I am ordering prints from WHCC for the first time, but I am SO confused. Company uses a platform called ROES for ordering. I'm trying to add words to some flat cards, but can't seem to figure it out. 

Any and all help is greatly appreciated!


----------



## lapequesalsera (Apr 9, 2012)

All the designs needs to be done using your regular software, I use Photoshop and add anything I want to the files then I use ROES to transfer those files to whcc, basically they use that software like a register, where you order and choose prices and then pay


----------



## jowensphoto (Apr 9, 2012)

Thank you!! I was thinking that may be the case, just wanted to make sure I wasn't over looking something in ROES.


----------



## KmH (Apr 9, 2012)

All of the online labs use a ROES (*R*emote *O*rder *E*ntry *S*ystem) application.


----------



## jowensphoto (Apr 10, 2012)

LOL I thought it was specific to WHCC. Learning new stuff everyday!!


----------



## dimakuzmich (Apr 12, 2012)

Nations Photo Lab also uses Roes


----------



## GerryDavid (Apr 23, 2012)

millers uses roes to, very confusing interface for me.  The first time I used roes, I had to email whcc to find out what I had to do, thankfully they usually reply very quickly.  

some labs do give you templates to use, although whcc doesnt, but they do sell some templates.


----------



## lapequesalsera (May 7, 2012)

GerryDavid said:
			
		

> millers uses roes to, very confusing interface for me.  The first time I used roes, I had to email whcc to find out what I had to do, thankfully they usually reply very quickly.
> 
> some labs do give you templates to use, although whcc doesnt, but they do sell some templates.

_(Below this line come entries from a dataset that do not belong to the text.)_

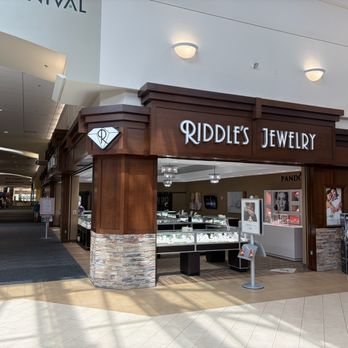Riddle's Jewelry - Dubuque - Jewelry Near Me - Dubuque, Iowa Riddle's Jewelry - Dubuque - Jewelry Near Me - Dubuque, Iowa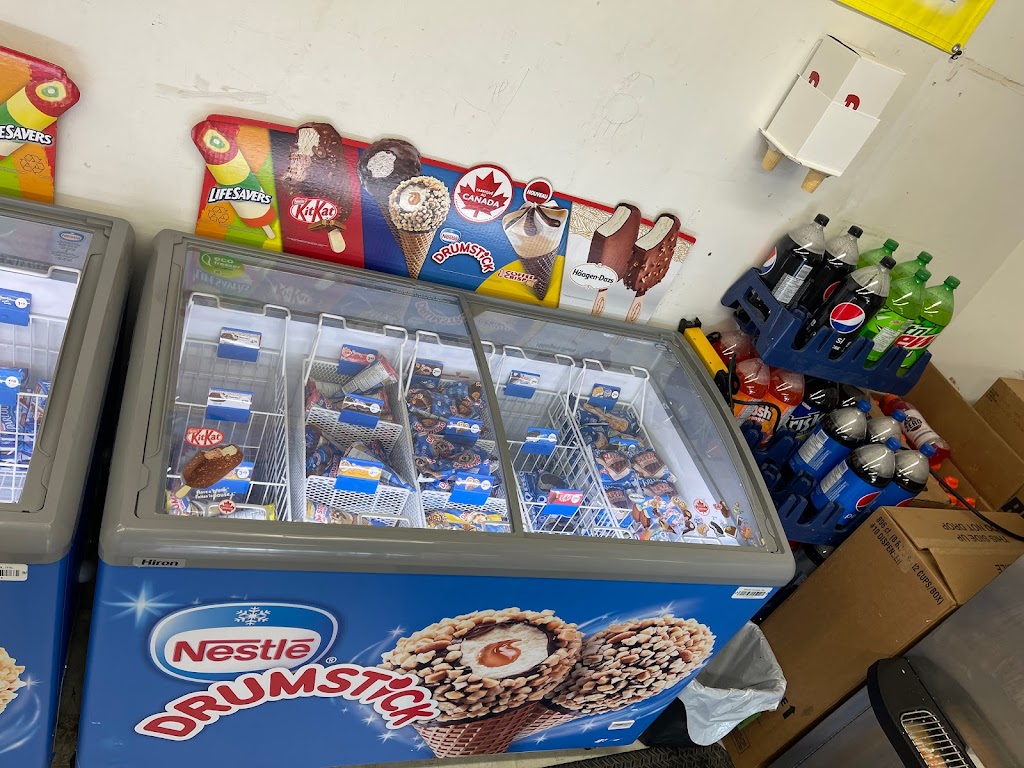 Lucky R convenient | 375 Épinettes Ave unit 2, Orléans, ON K1E 3E6, Canada | Phone: (613) 590-0670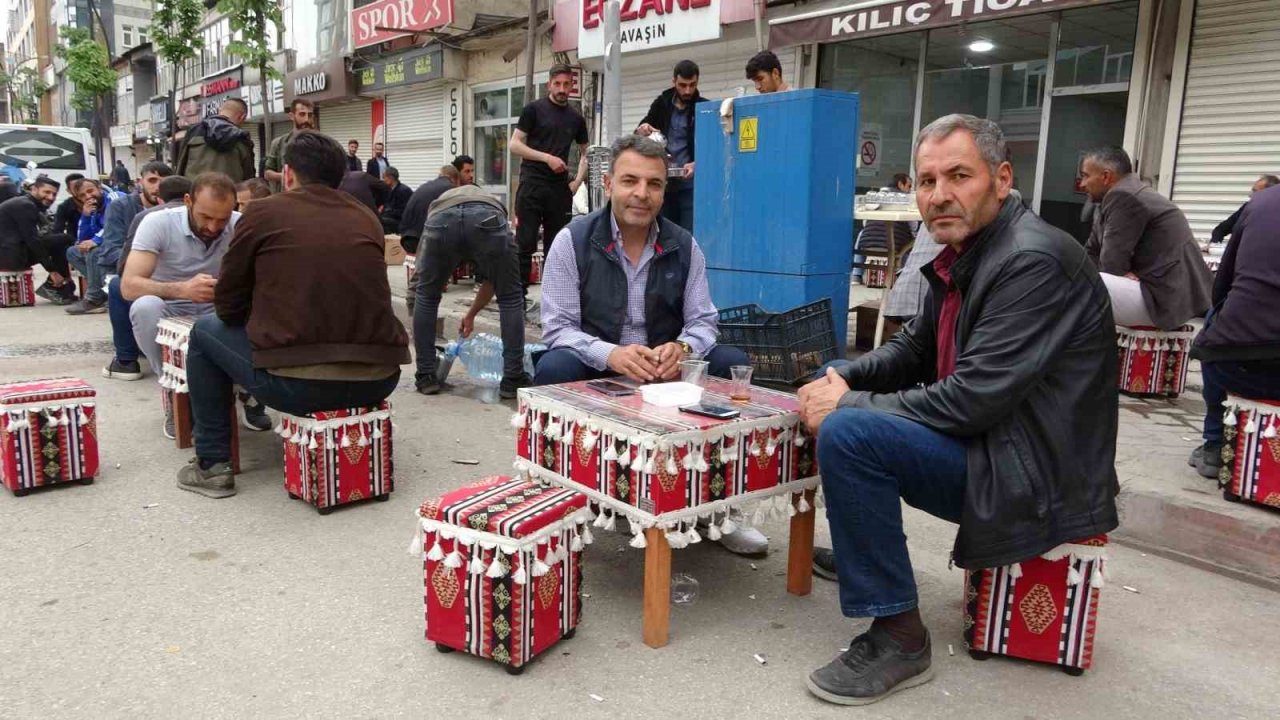 Yüksekovalılar seçim sonuçlarına odaklandı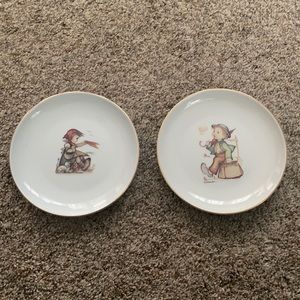MJ Hummel Plates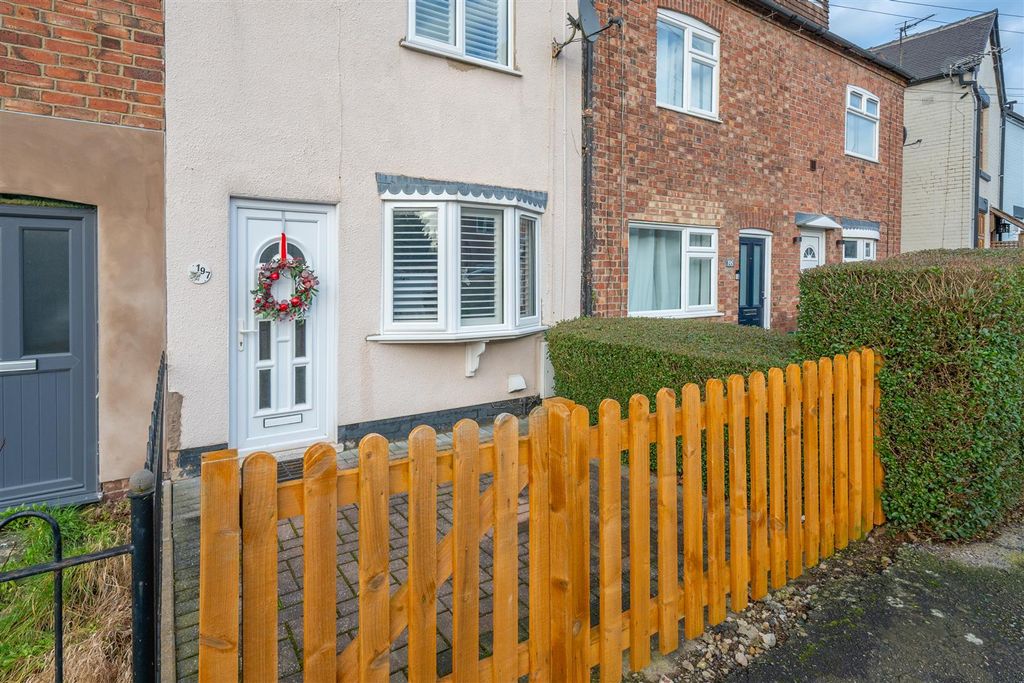 Property photo 2 of 21 Regent Street (22).Jpg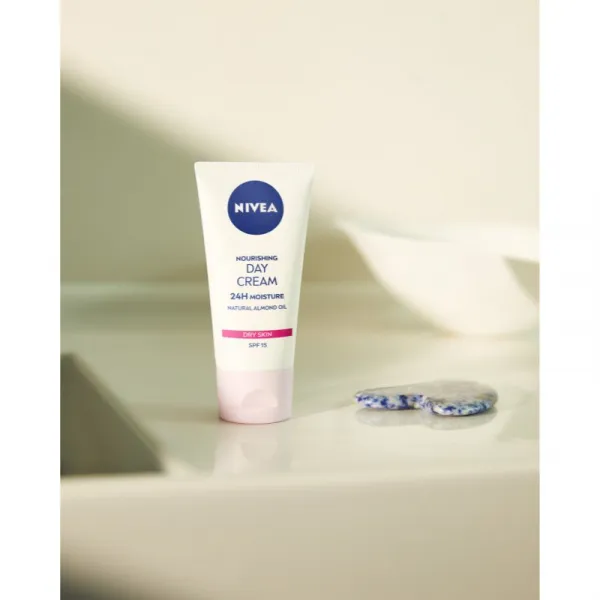 NIVEA Nourishing výživný denný krém pre suchú pleť SPF 15 50 ml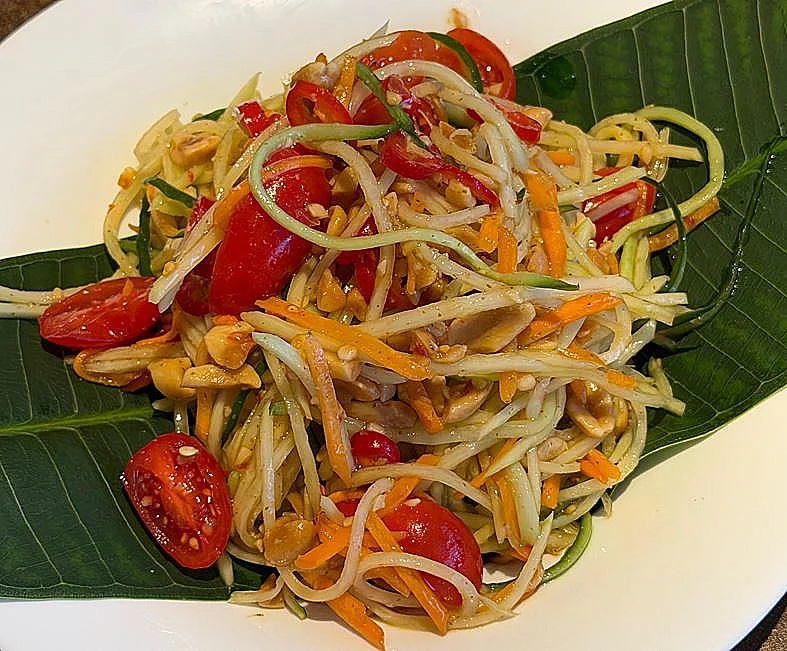 סלט הפפאיה של אוטוטו, כחלק משוק הלילה של אסיה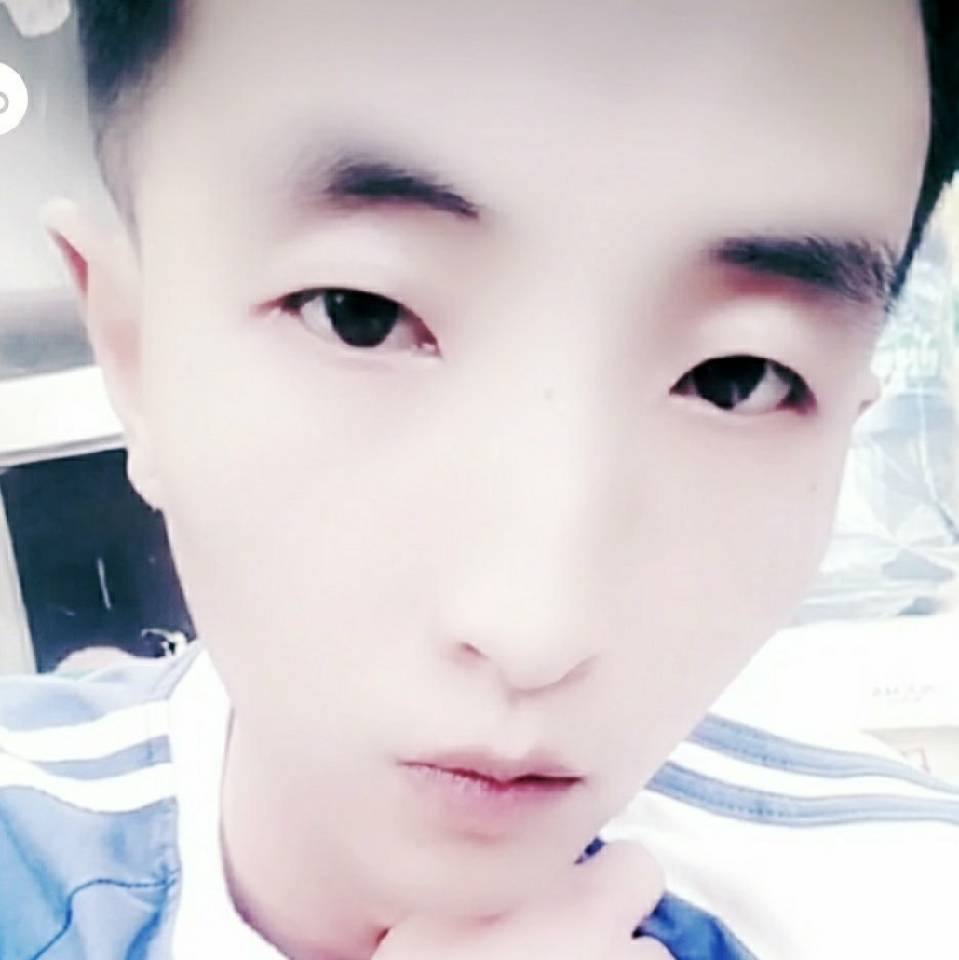 飞机与现代的照片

Whcc does have templates, you have to download the files from their web, I only use their boutique card templates for guides because everything else it's just measures


----------



## GerryDavid (May 7, 2012)

the whcc templates are for guides only on the edges only for bleed and cut lines, they are simple white documents.  By templates I meant designer ones with graphics and patterns that would appeal to customers.


----------